» Directions for this task
Everything in the listing below should be written out again exactly, except the pictures.
*** Opening of Dataset extract ***
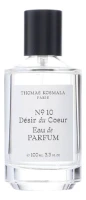 Thomas Kosmala No 10 Desir Du Coeur, парфюмерная вода, 100 мл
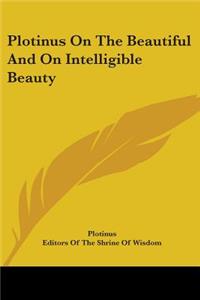 Plotinus On The Beautiful And On Intelligible Beauty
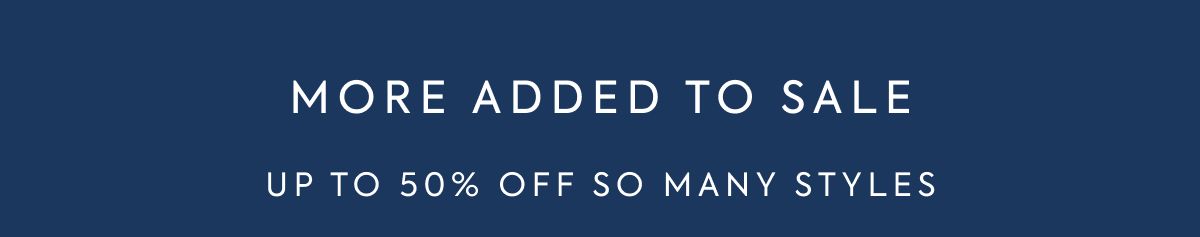 MORE ADDED TO SALE UP TO 50% OFF SO MANY STYLES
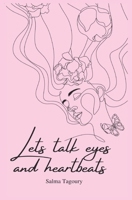 Lets Talk Eyes and Heartbeats B08JLHQG21 Book Cover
*** Close of Dataset extract ***
» Answer for the task
 Thomas Kosmala No 10 Desir Du Coeur, парфюмерная вода, 100 мл
 Plotinus On The Beautiful And On Intelligible Beauty
 MORE ADDED TO SALE UP TO 50% OFF SO MANY STYLES
 Lets Talk Eyes and Heartbeats B08JLHQG21 Book Cover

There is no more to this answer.